# 2017 Versa New front brake pads resurfaced rotors--squealing, clunking, clinging, squeaking



## mustardjo (Nov 3, 2015)

*My husband installed new brake pads and we had the rotors resurfaced on the front brakes in our 2017 Nissan Versa. Now it is making some awful Squealing, clinging, clunking, squeaking sounds. A combination of those..not just one sound. He has done our brakes many times over the years and can't figure out what the problem is. Any ideas? My husband installed new brake pads and we had the rotors resurfaced on the front brakes in our 2017 Nissan Versa.
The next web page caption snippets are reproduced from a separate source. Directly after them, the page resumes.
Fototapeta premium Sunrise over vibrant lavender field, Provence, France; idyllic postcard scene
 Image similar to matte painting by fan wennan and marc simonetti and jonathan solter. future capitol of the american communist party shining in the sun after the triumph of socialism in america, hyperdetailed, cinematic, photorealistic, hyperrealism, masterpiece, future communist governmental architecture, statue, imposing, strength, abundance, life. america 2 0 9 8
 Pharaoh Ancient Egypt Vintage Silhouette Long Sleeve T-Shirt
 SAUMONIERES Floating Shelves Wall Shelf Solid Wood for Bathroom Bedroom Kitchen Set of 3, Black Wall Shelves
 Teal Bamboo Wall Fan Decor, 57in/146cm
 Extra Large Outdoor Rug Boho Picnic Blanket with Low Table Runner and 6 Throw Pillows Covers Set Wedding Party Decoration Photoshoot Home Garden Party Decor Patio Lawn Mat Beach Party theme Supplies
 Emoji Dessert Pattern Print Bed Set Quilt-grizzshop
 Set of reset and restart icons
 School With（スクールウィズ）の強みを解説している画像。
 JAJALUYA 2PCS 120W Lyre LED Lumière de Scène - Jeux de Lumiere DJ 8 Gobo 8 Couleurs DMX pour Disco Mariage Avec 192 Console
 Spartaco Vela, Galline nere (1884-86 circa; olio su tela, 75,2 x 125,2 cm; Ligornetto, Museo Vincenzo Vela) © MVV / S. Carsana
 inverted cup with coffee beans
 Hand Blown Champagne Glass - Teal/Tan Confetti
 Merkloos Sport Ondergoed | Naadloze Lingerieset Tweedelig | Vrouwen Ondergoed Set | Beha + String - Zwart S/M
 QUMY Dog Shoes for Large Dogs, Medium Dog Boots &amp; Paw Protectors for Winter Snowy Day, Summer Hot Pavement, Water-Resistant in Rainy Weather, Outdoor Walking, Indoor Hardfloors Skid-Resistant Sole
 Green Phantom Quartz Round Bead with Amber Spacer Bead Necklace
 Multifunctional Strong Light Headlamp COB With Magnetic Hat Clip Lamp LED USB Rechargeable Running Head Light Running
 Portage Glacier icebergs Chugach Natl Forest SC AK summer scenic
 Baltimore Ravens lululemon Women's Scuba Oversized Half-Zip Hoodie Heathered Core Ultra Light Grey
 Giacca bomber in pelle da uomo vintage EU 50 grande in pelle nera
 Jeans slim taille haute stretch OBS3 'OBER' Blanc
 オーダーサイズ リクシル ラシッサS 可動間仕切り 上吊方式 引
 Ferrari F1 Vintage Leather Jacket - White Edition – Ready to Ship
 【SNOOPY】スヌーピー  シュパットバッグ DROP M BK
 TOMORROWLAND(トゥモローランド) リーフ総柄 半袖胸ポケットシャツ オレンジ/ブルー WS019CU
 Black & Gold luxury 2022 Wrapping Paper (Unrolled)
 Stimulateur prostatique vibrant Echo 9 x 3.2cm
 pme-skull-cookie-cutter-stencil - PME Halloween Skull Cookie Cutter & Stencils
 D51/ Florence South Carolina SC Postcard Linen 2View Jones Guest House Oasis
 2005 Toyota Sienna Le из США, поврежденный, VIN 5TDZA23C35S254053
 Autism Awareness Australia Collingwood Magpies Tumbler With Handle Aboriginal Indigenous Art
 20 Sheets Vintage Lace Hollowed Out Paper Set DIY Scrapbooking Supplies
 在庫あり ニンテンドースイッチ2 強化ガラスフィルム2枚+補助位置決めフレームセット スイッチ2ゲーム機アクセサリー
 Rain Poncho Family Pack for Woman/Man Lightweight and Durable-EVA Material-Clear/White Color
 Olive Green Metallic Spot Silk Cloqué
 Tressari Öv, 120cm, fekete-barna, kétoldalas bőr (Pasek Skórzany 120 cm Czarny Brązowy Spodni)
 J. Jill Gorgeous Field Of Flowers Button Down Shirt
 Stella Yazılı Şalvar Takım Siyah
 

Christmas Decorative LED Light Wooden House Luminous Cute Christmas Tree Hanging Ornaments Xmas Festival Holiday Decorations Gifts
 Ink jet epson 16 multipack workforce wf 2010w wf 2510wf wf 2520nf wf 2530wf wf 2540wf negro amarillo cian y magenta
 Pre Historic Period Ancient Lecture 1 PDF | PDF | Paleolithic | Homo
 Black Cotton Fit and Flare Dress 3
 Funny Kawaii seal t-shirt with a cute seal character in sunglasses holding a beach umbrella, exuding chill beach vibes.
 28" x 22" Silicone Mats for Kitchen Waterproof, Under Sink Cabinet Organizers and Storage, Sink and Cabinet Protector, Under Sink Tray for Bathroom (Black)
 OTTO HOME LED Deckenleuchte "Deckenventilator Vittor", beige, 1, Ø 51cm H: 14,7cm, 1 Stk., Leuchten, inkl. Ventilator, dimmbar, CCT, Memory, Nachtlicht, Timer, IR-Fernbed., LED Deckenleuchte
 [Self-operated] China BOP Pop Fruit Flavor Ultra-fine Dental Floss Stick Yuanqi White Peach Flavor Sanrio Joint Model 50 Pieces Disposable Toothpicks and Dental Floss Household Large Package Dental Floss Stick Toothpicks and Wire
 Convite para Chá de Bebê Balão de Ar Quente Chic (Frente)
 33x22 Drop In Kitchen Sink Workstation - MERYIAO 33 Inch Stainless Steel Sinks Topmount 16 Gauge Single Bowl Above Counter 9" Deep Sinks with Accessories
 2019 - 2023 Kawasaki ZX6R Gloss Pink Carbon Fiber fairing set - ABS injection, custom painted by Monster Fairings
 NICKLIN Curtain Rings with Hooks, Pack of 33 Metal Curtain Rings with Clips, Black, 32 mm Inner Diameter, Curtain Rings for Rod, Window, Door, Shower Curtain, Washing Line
Now it is making some awful Squealing, clinging, clunking, squeaking sounds. A combination of those..not just one sound. He has done our brakes many times over the years and can't figure out what the problem is. Any ideas?*


----------



## rogoman (Dec 16, 2004)

Some possible causes for the noises:

- Poor quality brake pads.
- Too much material removed from rotors resulting in warpage.
- components did not receive needed lubrication at critical points.
- missing shims.


----------



## mustardjo (Nov 3, 2015)

rogoman said:


> Some possible causes for the noises:
> 
> - Poor quality brake pads.
> - Too much material removed from rotors resulting in warpage.
> ...


thank you. will check those out


----------